As soon as they were filming, “He just started delivering his lines like you couldn’t understand a thing he was saying. He was just speaking gibberish and sort of mumbling. And just went on for a while and John Ritter’s looking over at me like, what the, I don’t even know when to come in with my line. When is he done?”
“I finally took Bernie aside. I said, “Bernie, okay, what’s going on?” and he said, “Oh, I’m sorry. I’m just really nervous. You know, I just, I grew up like, worshiping John Ritter and it’s just like, I just can’t do the scene.” I said, “We love you, Bernie. He loves you” and then John came over to him and I don’t know what he said to him. He put him completely at ease.”

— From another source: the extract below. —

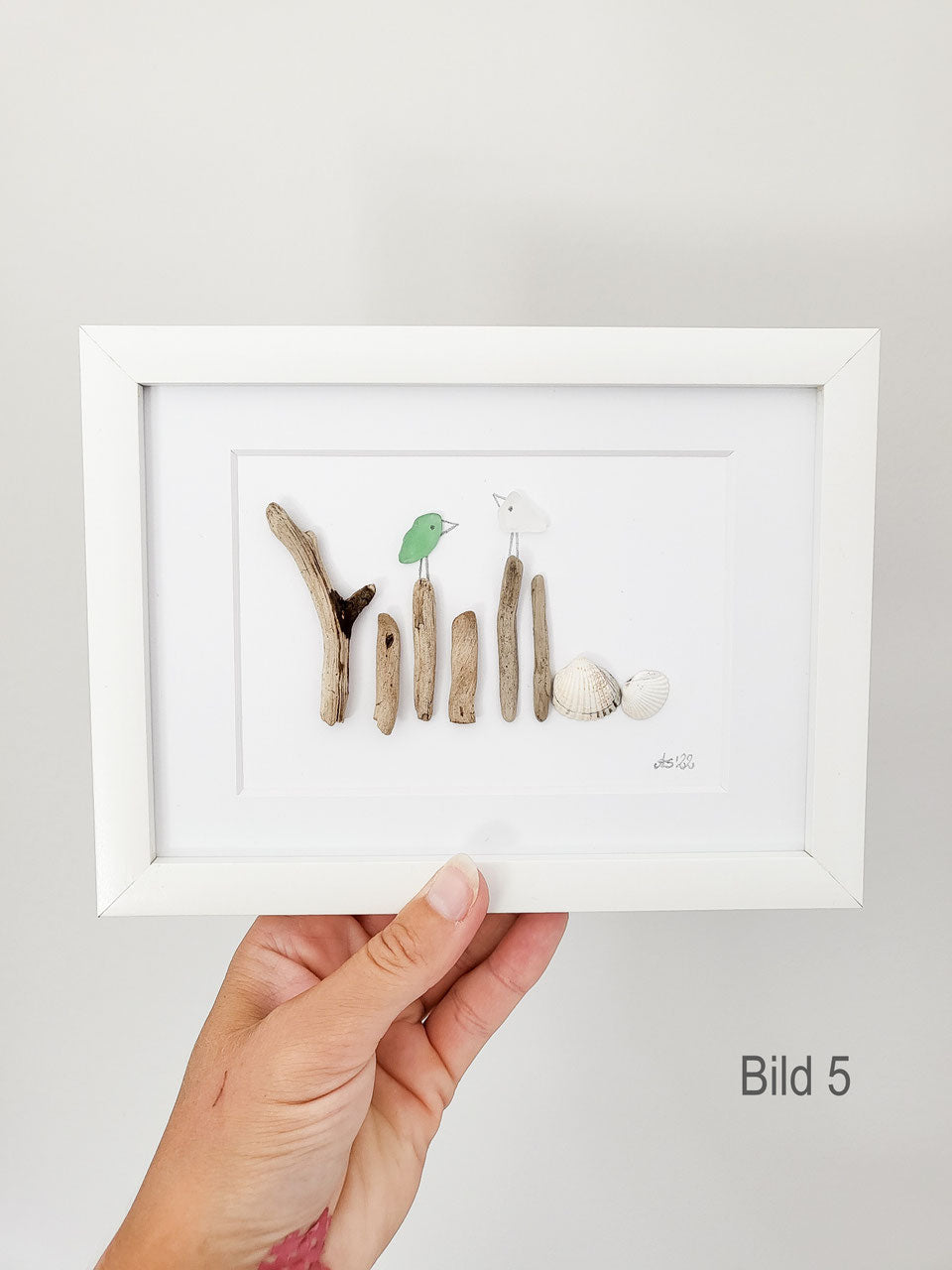 Seeglasbild Beachlife - mit Treibholz, Muscheln und echtem Seeglas aus der Ostsee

Zwigoff had an idea to sort of help him be a little less self-conscious.
“I thought, well, what if you peel this orange while the scene’s going on? You need a bite if you want, you know. So he starts eating this orange and then he did it in a sort of sloppy way at one point.” I said, “Play that up.” He said, “What?” I said, “This sloppiness, like, you’re eating in front of this guy who’s so prudish that he’s sort of, whenever he sees or hears anything off color, he sort of vomits a little bit inside his mouth. And it’ll really help his performance.”
Unfortunately, this would be the very last role for John Ritter.

THE KID FROM CANADA
“When it came to the kid, the Coen brothers also said, “You know, this is going to be really hard to find a kid who can remember all this dialogue and pull this off…in the script, he’s written like this sort of fat, weird kid. All I could think of was Joe Cobb from the Our Gang comedies from the 20s… a kid like that. That’s the instruction I gave the casting people and they went state by state to the entire country and couldn’t find a kid that looked like that. Finally, I went to Canada. They’re about to make me hire this other kid, who was a cute Disney kid and this kid from Canada, they sent me his headshot. and I said, if this, I just fell on the ground laughing. I said, if this kid can even walk and talk at the same time, he’s hired.”
“Brett Kelly came down with his mother. He was wearing exactly the outfit he wears throughout the entire film and I don’t know if his mother was a genius or if he actually dressed this way, but I said, “Whatever you do, stop by the wardrobe and have them copy this or, put this away, put this in moth balls for a few months and don’t wear it out because you’re going to wear that the whole film.”
Smart kid. I think he was in on the joke. That’s a sweet kid. Smart kid.